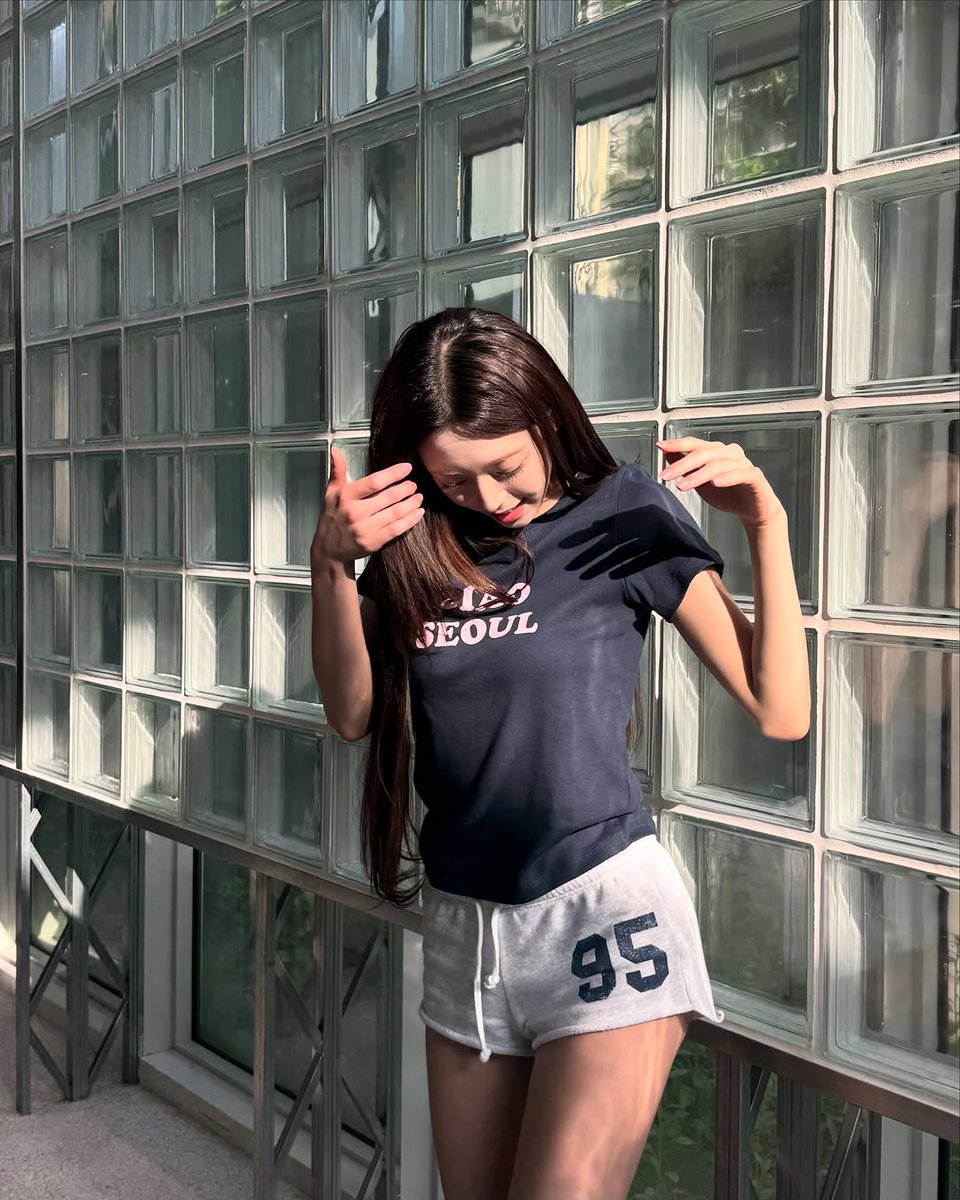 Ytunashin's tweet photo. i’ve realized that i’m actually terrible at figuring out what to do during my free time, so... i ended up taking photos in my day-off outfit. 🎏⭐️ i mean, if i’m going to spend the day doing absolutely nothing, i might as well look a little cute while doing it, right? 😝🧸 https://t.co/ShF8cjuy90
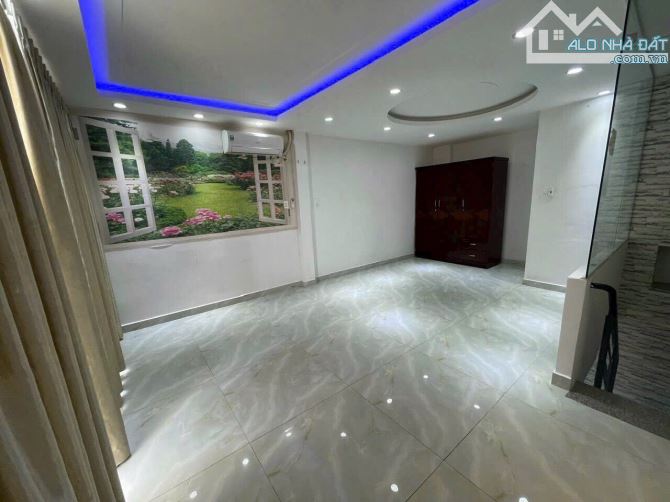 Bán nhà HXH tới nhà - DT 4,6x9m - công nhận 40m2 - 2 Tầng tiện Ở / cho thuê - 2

...

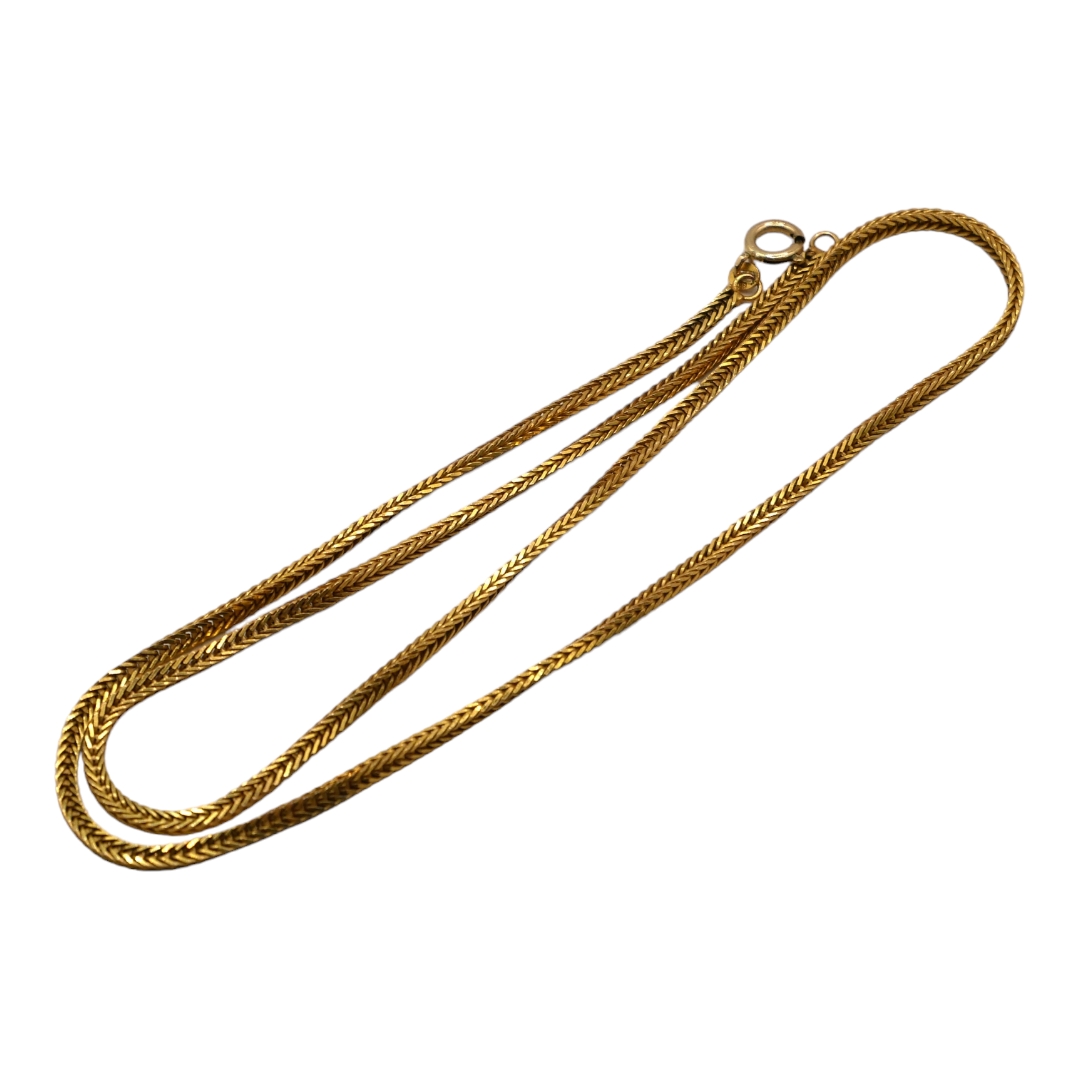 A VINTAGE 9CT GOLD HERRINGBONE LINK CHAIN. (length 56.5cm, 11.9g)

* * *

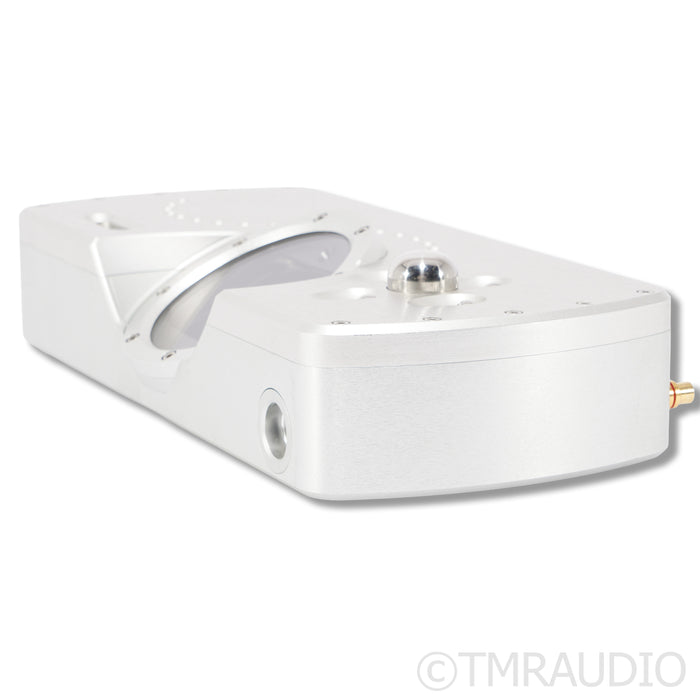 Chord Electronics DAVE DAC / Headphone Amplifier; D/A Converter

-- Assignment --
Take the material above from the line containing "Ytunashin's tweet photo." up to and including the line containing "Bán nhà HXH" and retype it exactly, without any pictures.

-- Output of the task --
 Ytunashin's tweet photo. i’ve realized that i’m actually terrible at figuring out what to do during my free time, so... i ended up taking photos in my day-off outfit. 🎏⭐️ i mean, if i’m going to spend the day doing absolutely nothing, i might as well look a little cute while doing it, right? 😝🧸 https://t.co/ShF8cjuy90
 Bán nhà HXH tới nhà - DT 4,6x9m - công nhận 40m2 - 2 Tầng tiện Ở / cho thuê - 2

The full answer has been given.